• [Task details]: Starting at the line that contains "5-must-go-traditional-market-in-saigon-33", write out each line exactly through the last one in the material below, and nothing more; omit all pictures.

• [Data below]:
++++++++

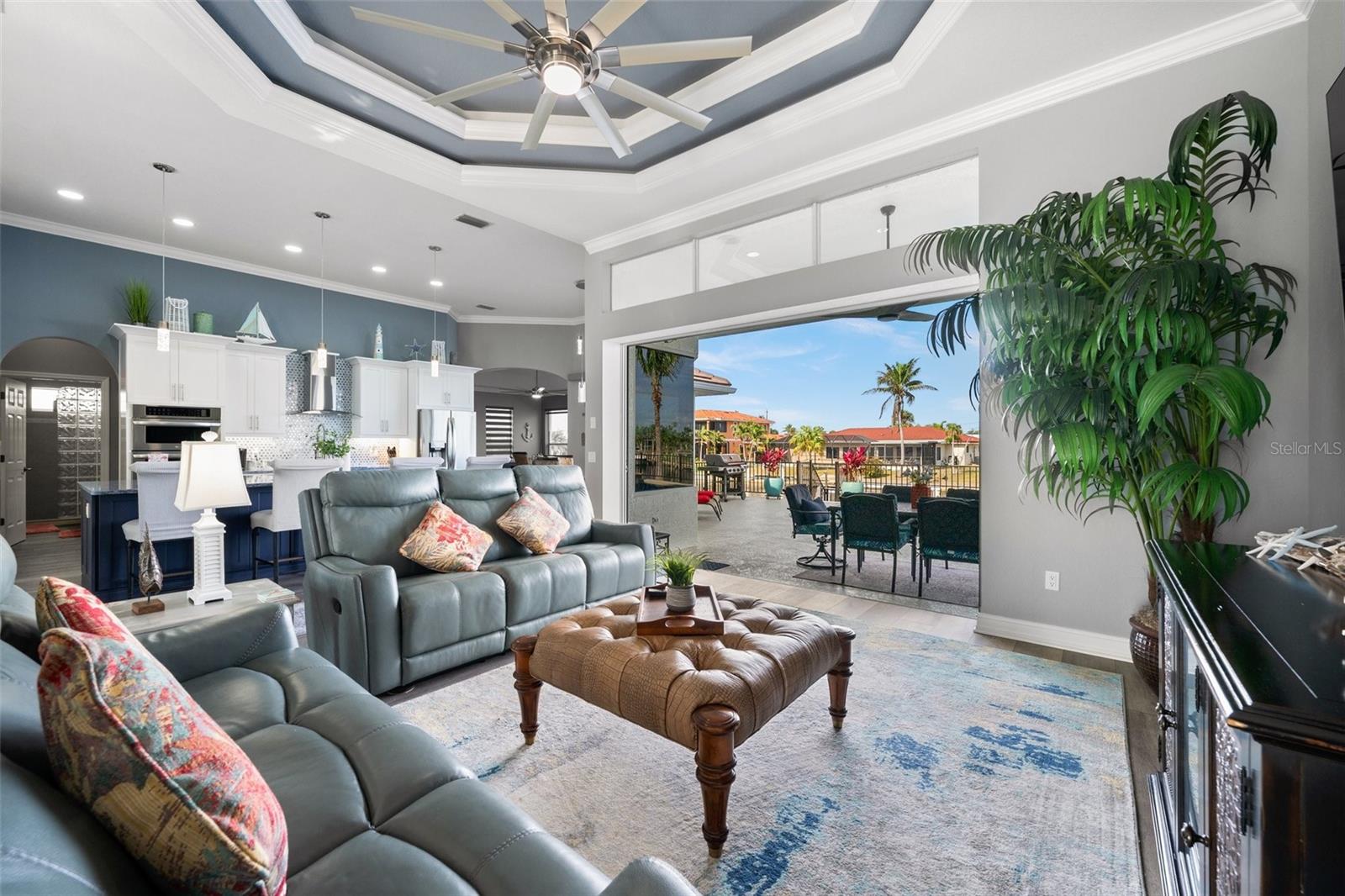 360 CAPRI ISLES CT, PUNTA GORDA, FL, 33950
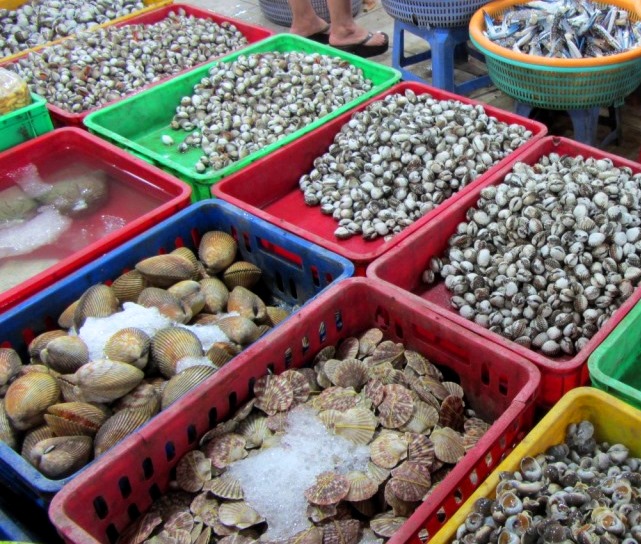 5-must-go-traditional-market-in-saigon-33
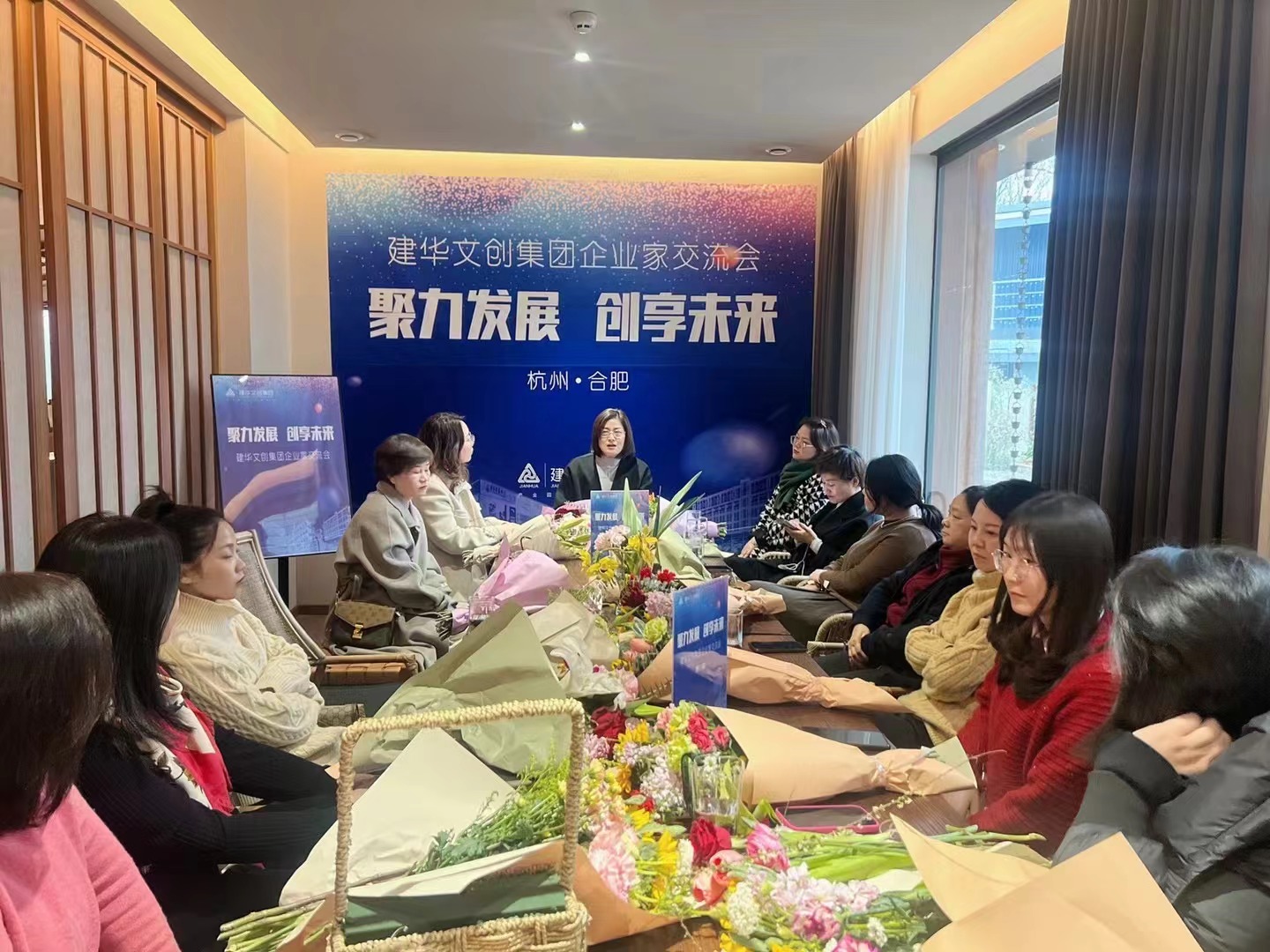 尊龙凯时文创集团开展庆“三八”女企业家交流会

++++++++

• [Answer area]:
 5-must-go-traditional-market-in-saigon-33
 尊龙凯时文创集团开展庆“三八”女企业家交流会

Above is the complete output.